Red Delicious (Siobhan Quinn, #2)True story.  My dad asked me what I was reading and I tried to describe this book.  I said it was less of a parody and more of a parody of parodies; an entirely self aware narration that attempts to strip down everything about Urban Fantasy and built it back up so it looked exactly the same while being completely different.  He looked at me and let me know that he has a Masters and still doesn’t know what the hell I am talking about.

Why did I come up with a stuttering, quasi-intellectual line of bull shit when discussing what this book was about?

Because there was no way I was going to that man who raised me that I was reading about a vampire junkie chasing after a dildo made from unicorn horn while trying to stay ahead of two demon brothel owners.

Give Tierney (pen name for Caitlin R. Kiernan) one thing, never have I see such a unique quest item.  Hell if this series ever gets picked up by a major studio and becomes a move they won’t have to change a single plot point when writing the inevitable porn parody that follows.

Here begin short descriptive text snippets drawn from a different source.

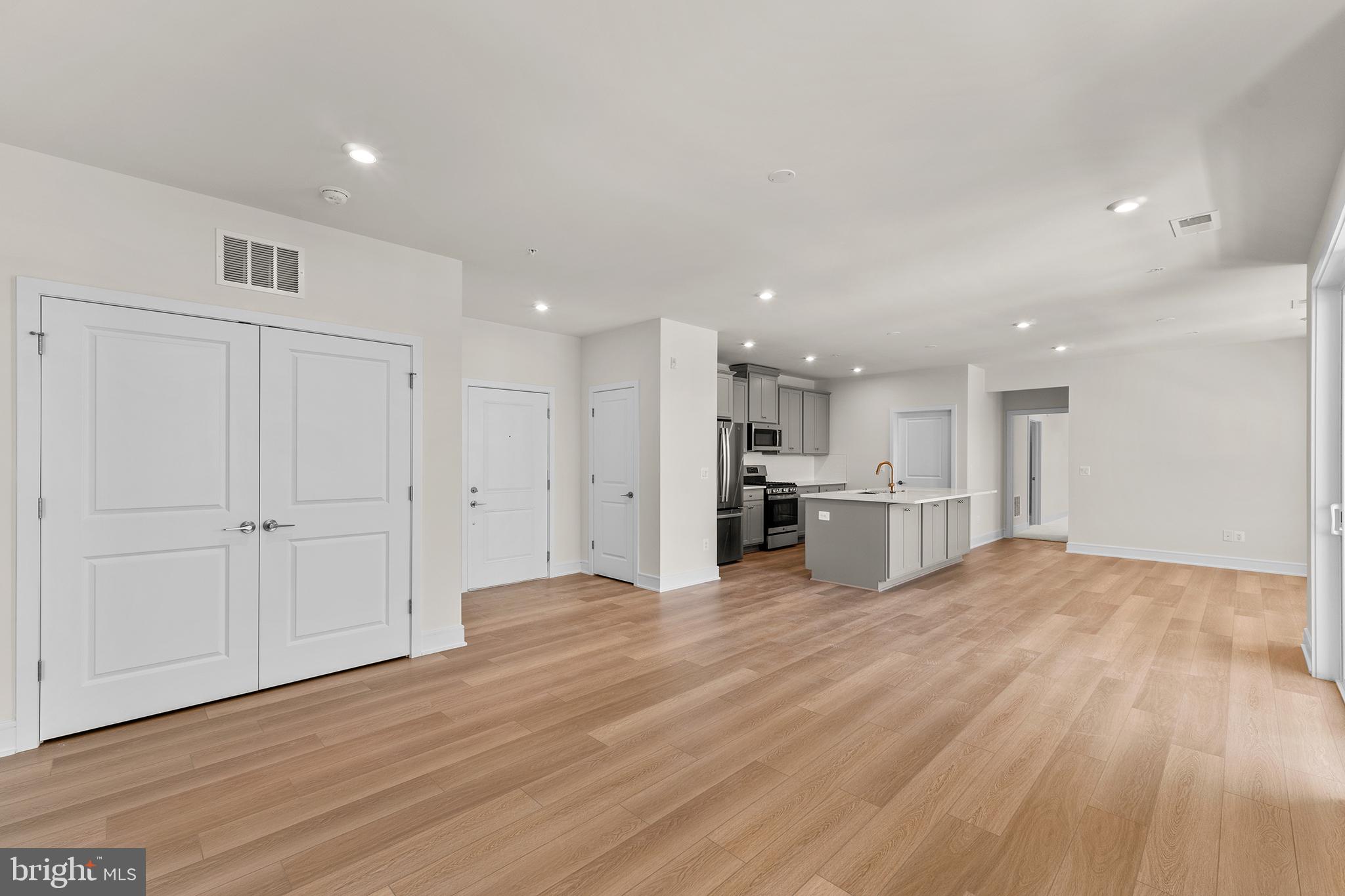 23679 Bolton Crescent #12-302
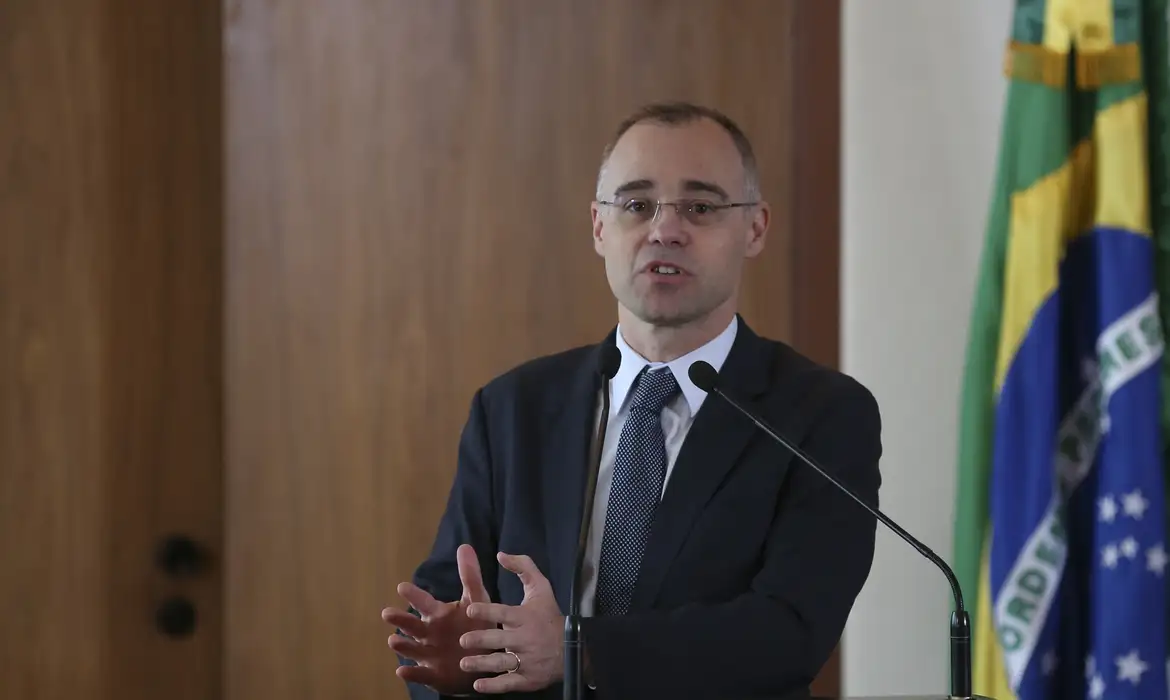 Imagem de André Mendonça retira sigilo de processo sobre pagamentos ligados a Vorcaro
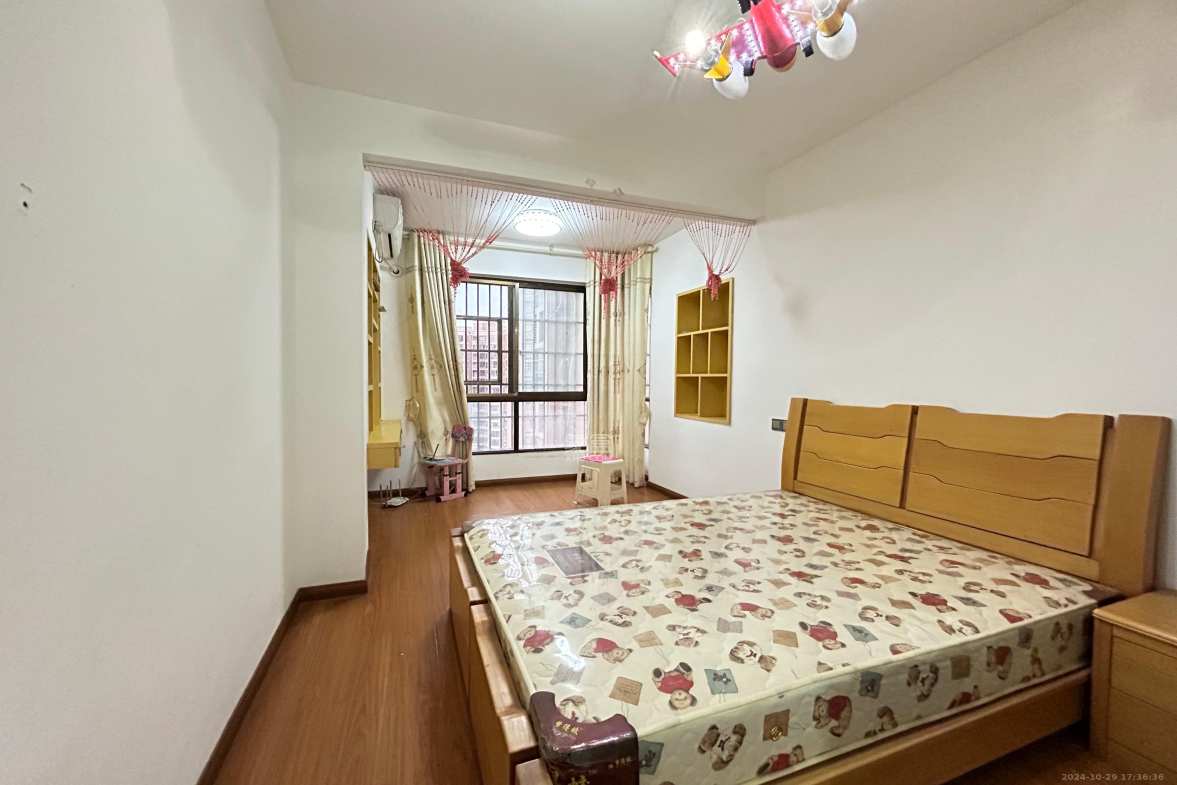 东方航标  3室2厅2卫   2200.00元/月室内图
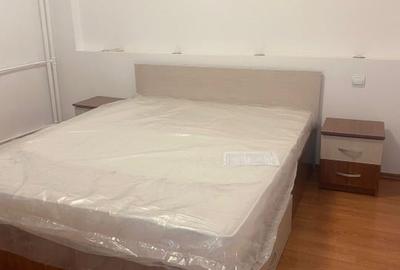 Proprietar, Inchiriez 2 camere B-dul Chisinau - stradal / 5 minute Mega Mall - 6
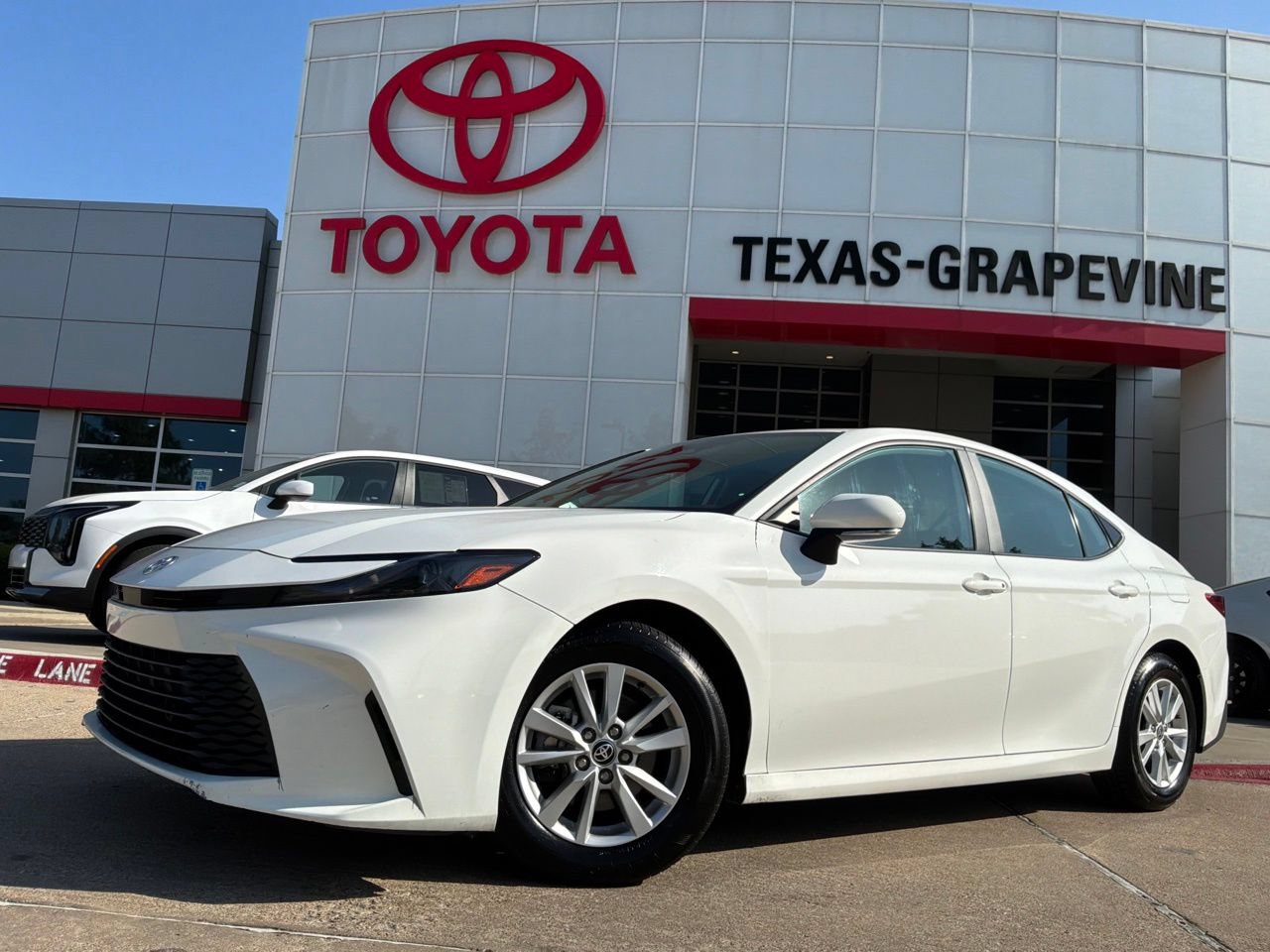 Used 2025 Toyota Camry LE FWD image 2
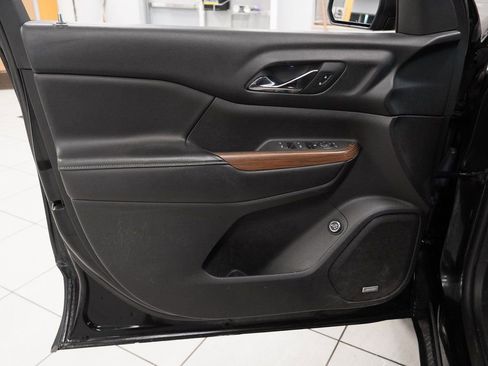 Used 2018 GMC Acadia SLE w/ Driver Alert Package I image 17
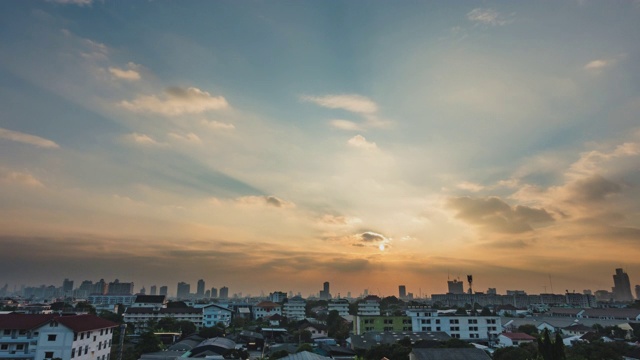 白天到夜晚的延时云天空景观。视频素材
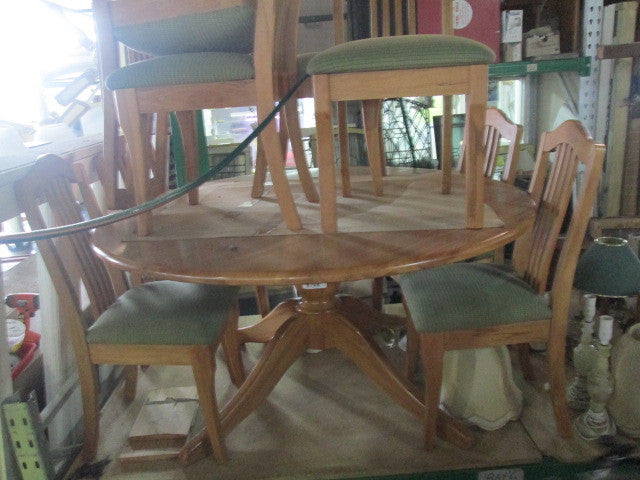 Rimu Table & 8 Chairs(Table 1480D x 730H/Chairs 450SQx550 Back 550H x 950H)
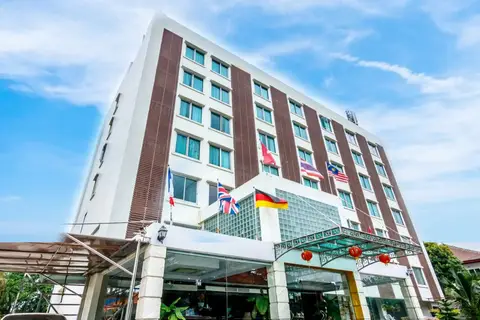The Airport Hotel — фото 1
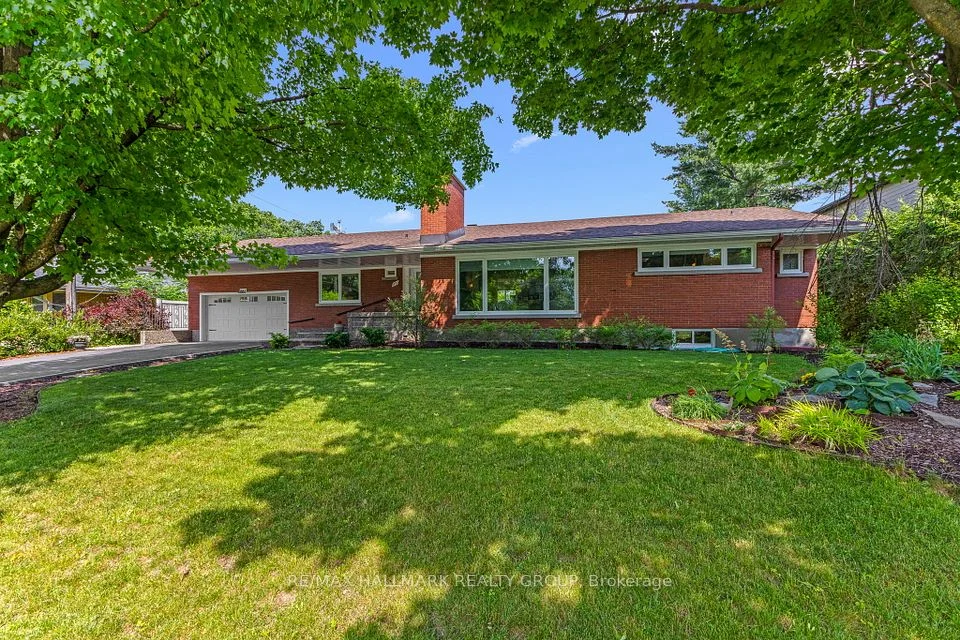 1883 Barnhart Place, Alta Vista and Area, ON K1H 5B5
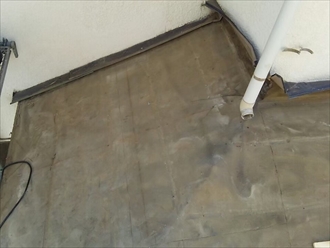 セメント洋瓦を撤去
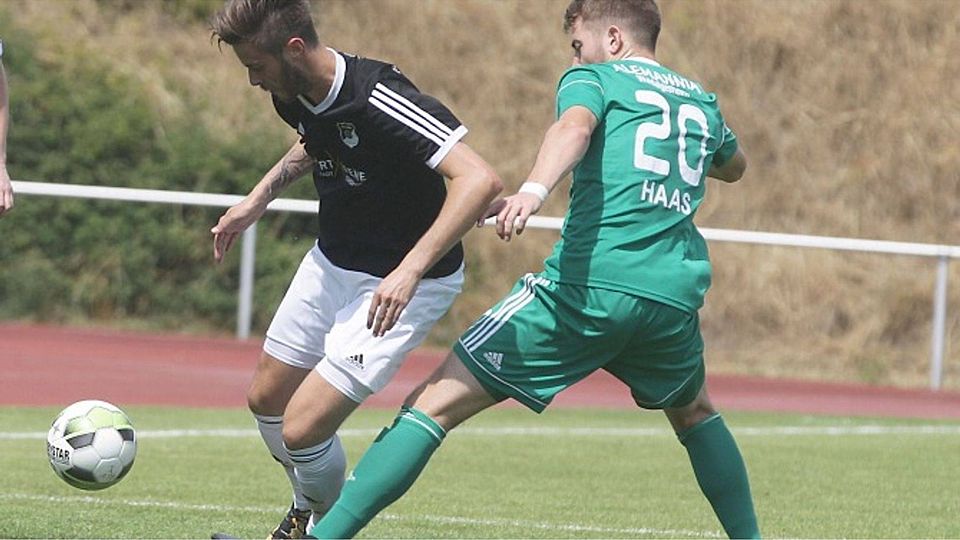 Daniel Weyl (links), hier gegen Julius Haas, markierte gegen Waldalgesheim das 1:0. 	Foto: photoagenten/Axel Schmitz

The potential for a goldmine here is staggering.

Siobhan Quinn is still the most unreliable narrator in the history of fiction.  She tells you she is lying, then lies to you, then lets you know that that could have been a lie as well.  We met her in Blood Oranges where she had something of a Flashman vibe; seemingly the hero of the story yet vile in most ways and living on luck almost entirely.  Or, not exactly living, being part vampire, but the point remains.  I loved the unique style, the plot was serviceable, and the humor was absolutely top notch.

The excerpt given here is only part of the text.